When some musicians steps out and does music of a different kind, you’ve got to remember that every musician loves music – not just the kind that they themselves can do. But they might push themselves into another genre. So everyone’s just trying to box everyone in. But I’m kind of glad 11, 12 years ago, I didn’t get that. I made a film called The Newton Boys, which to me was as personal and fulfilling as any other film I had done, but the vibe at that time was , “Wait. What are you doing? You can’t make a movie like this.

This isn’t your kind of film.”  It’s like, “Yeah it is. I co-wrote it. I discovered the story just very similarly to this film.” And yeah, at that point, I didn’t really qualify to make that film in people’s minds. But over time now, it’s like, “Oh, you do all kinds of things.” I’m like, thank you. Latitude, everybody wants that.

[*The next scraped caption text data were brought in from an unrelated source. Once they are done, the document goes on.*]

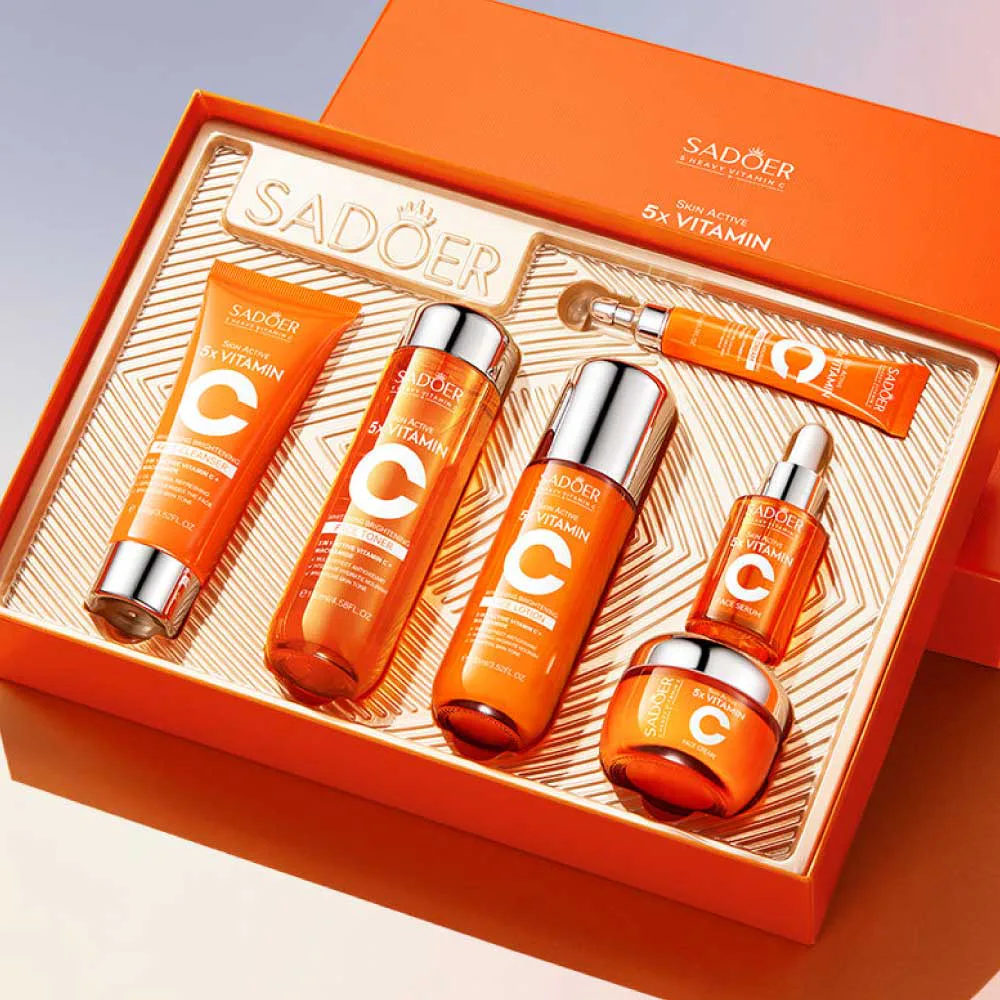 SADOER 5X Vitamin C Brightening 6-Piece Skincare Set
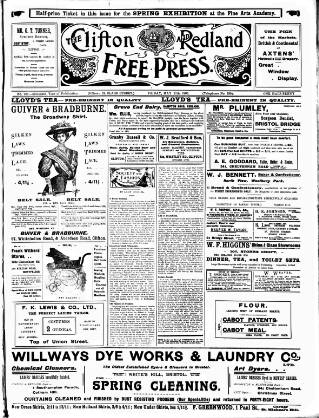 cover page of Clifton and Redland Free Press published on May 12, 1905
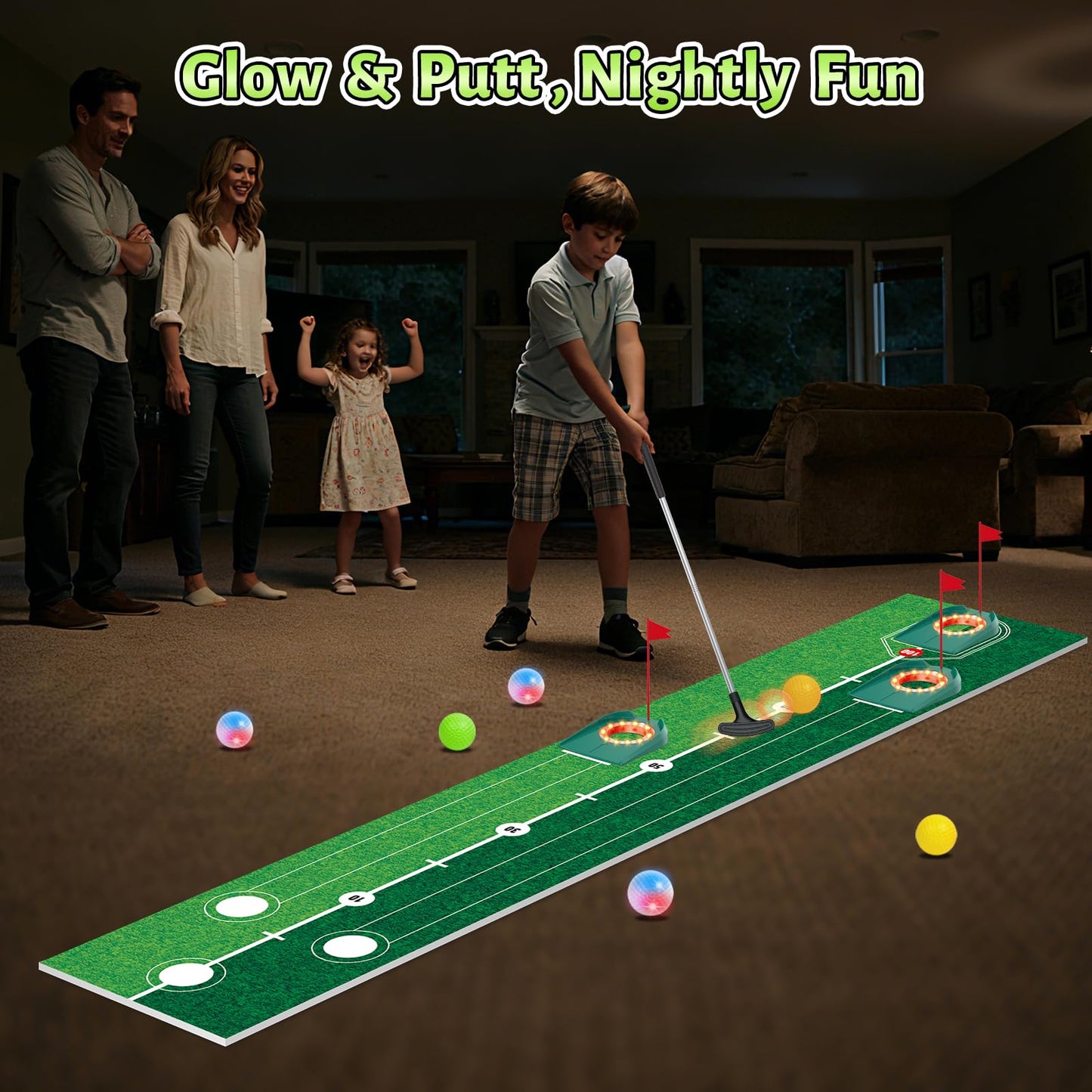VATOS Golf Putting Set for Kids - Glow Night Golf Toy with 3 Holes & Adjustable Putter
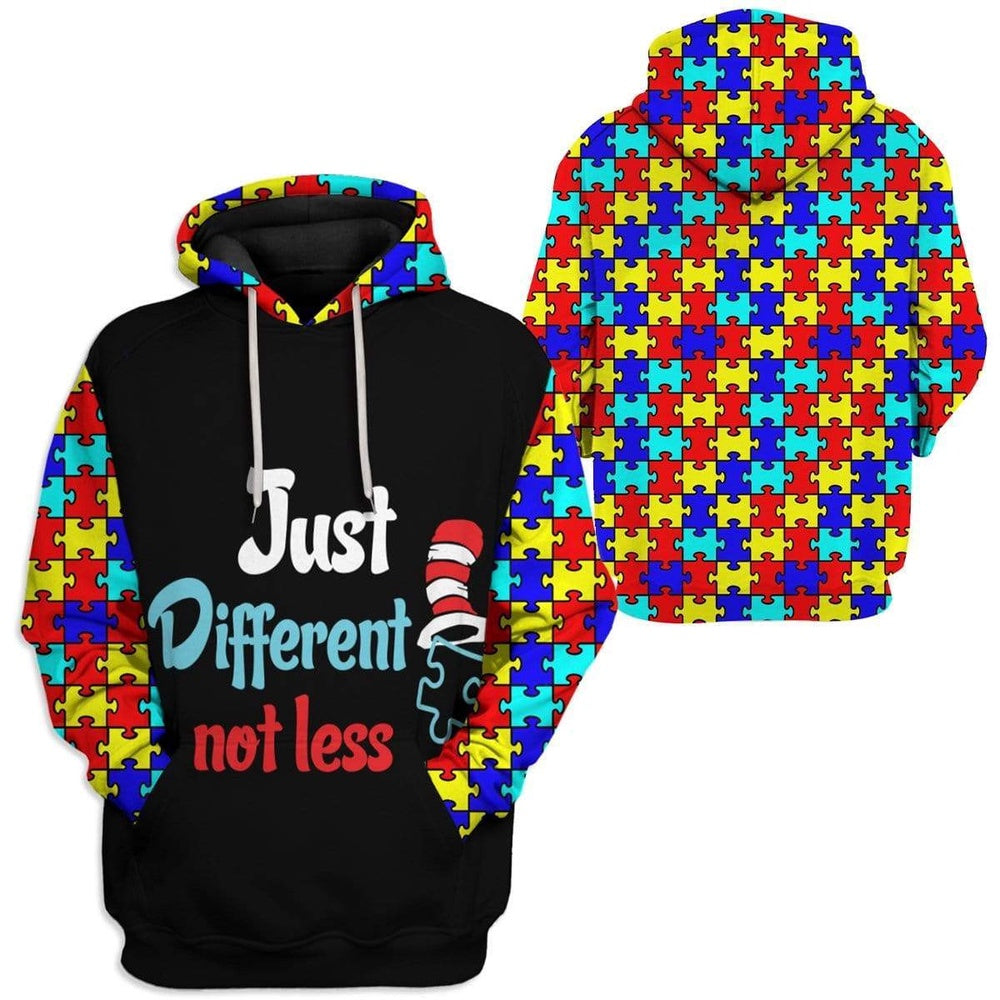 Autism Hoodie, Just Different Not Less Autism Awareness Custom All Over Print Hoodie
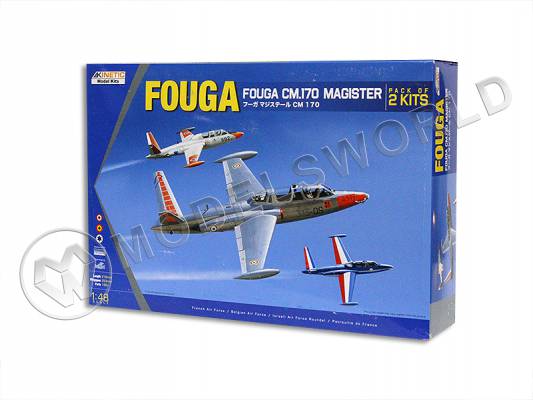 Склеиваемая пластиковая модель самолета Fouga cm.170 Magister (Pack of 2 Kits) Airplane. Масштаб 1:48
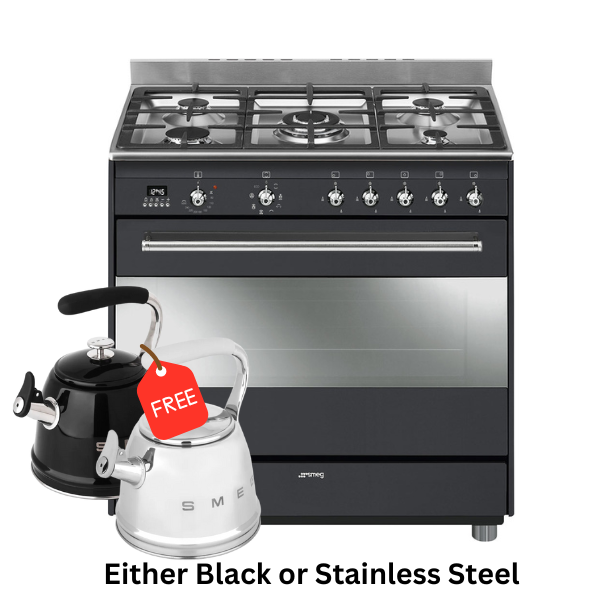 SMEG 90CM GAS ELECTRIC COOKER STOVE 5 BURNER STAINLESS STEEL SSA91MA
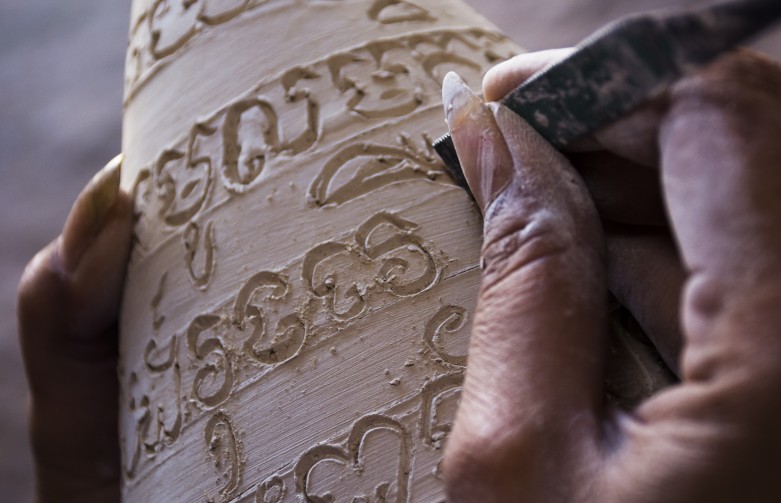 Hand carving script writing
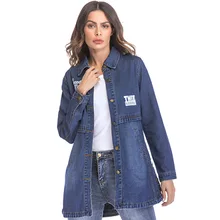Jackets for Women Tops Broken Hole Denim Jacket New Letter Printing Long Denim Jacket Long Sleeve Broken Hole Plus Size trendy broken hole pocket design solid color denim pants for women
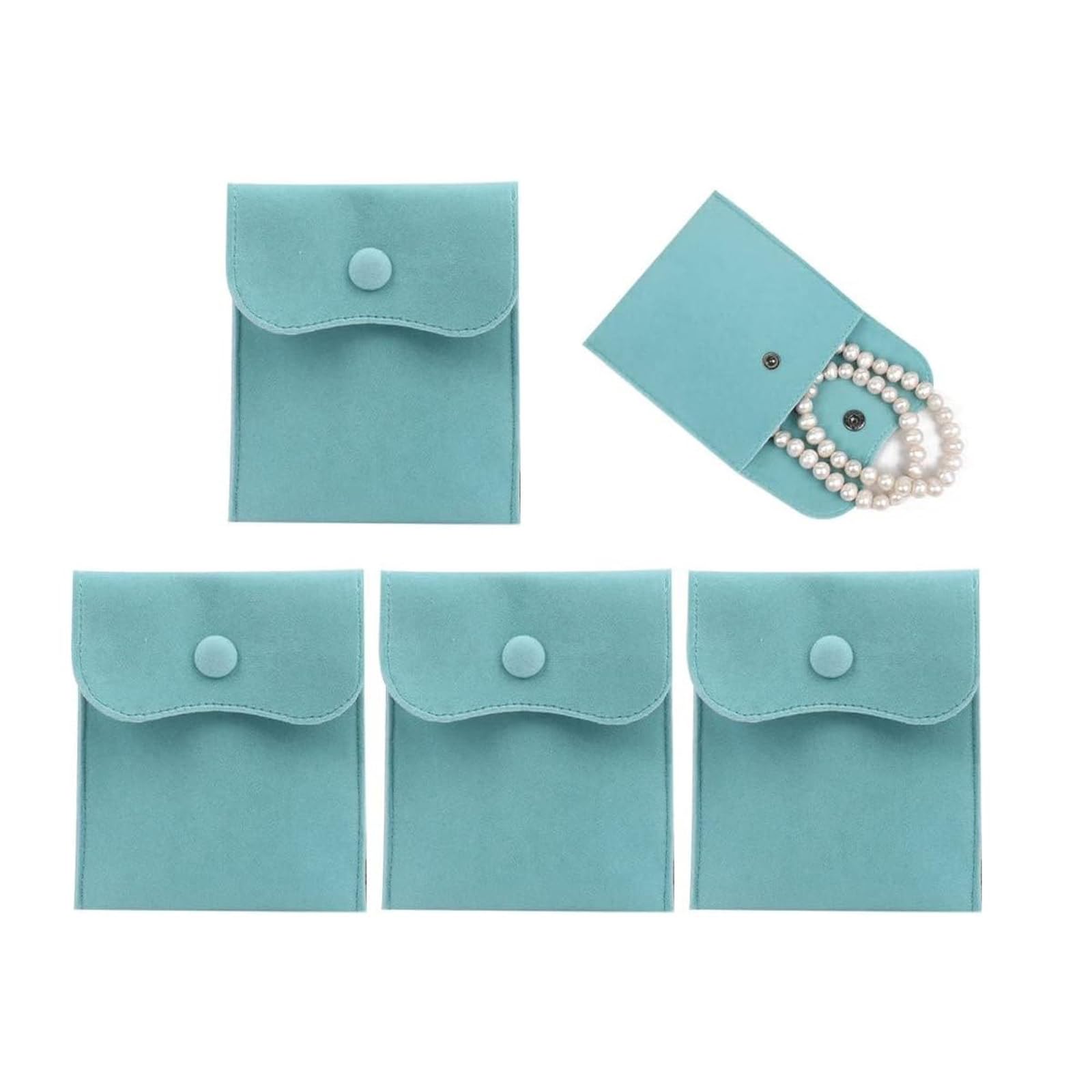 ZFanyunZFanyun 5 Pieces Blue Microfiber Ultra-fine fiber jewelry pouch, small velvet with snap Button, suitable for storing necklaces, bracelets, rings, and watches.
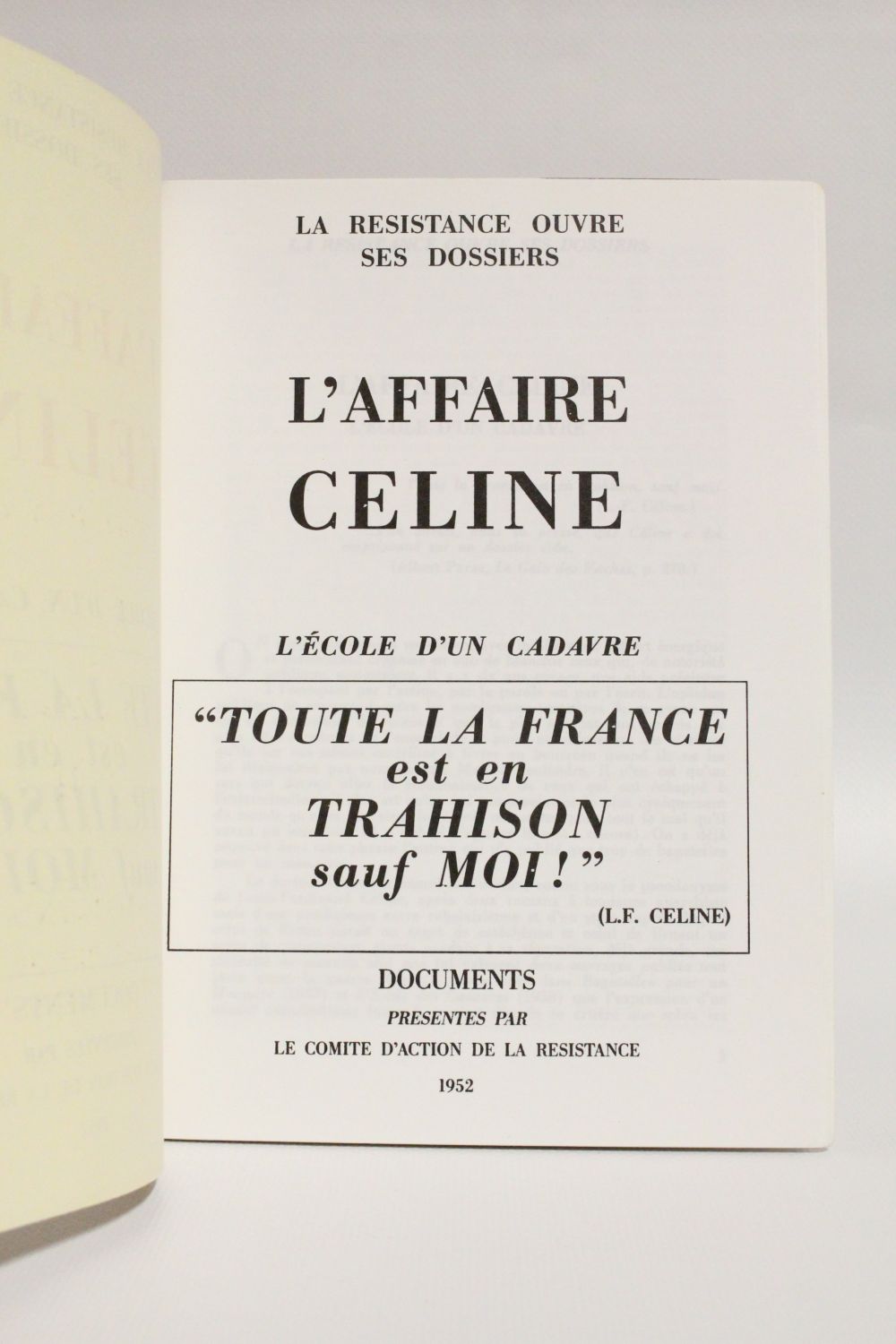 CELINE : L'affaire Céline : l'école d'un cadavre - First edition ...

Q: And the second part of my question was doing theater. Although I jokingly said, “Why don’t you re-stage this?” Do you want to move into that?

(Richard Linklater): That close. I mean here, the whole cast are theater actors. We had the original stage design, we had the score, we had rehearsed it, we had costumes, we had the cast, we had even lighting. We really were that close to. Wouldn’t it be great if this week, that play you could just go see in some theater. A re-creation. Like, no one does that much in theater where you re-create. It’s always re-staging and modernizing and doing new interpretations.

But to do an old time-y theater piece that was radically modern in its time, that would be wonderful. We actually talked about it. It would’ve been a lot of fun. I saw a play a few years ago, Clifford O’Deaf’s play that had been re-staged like that, that awakened scene, I thought that was wonderful because it was like, I’m in the ‘30s watching this play from that point-of-view, and I thought that was great to evoke that exact time, style, everything about it.
 
Q: You had a lot of fun with the music. Speaking of ‘30s, the jazz in this film.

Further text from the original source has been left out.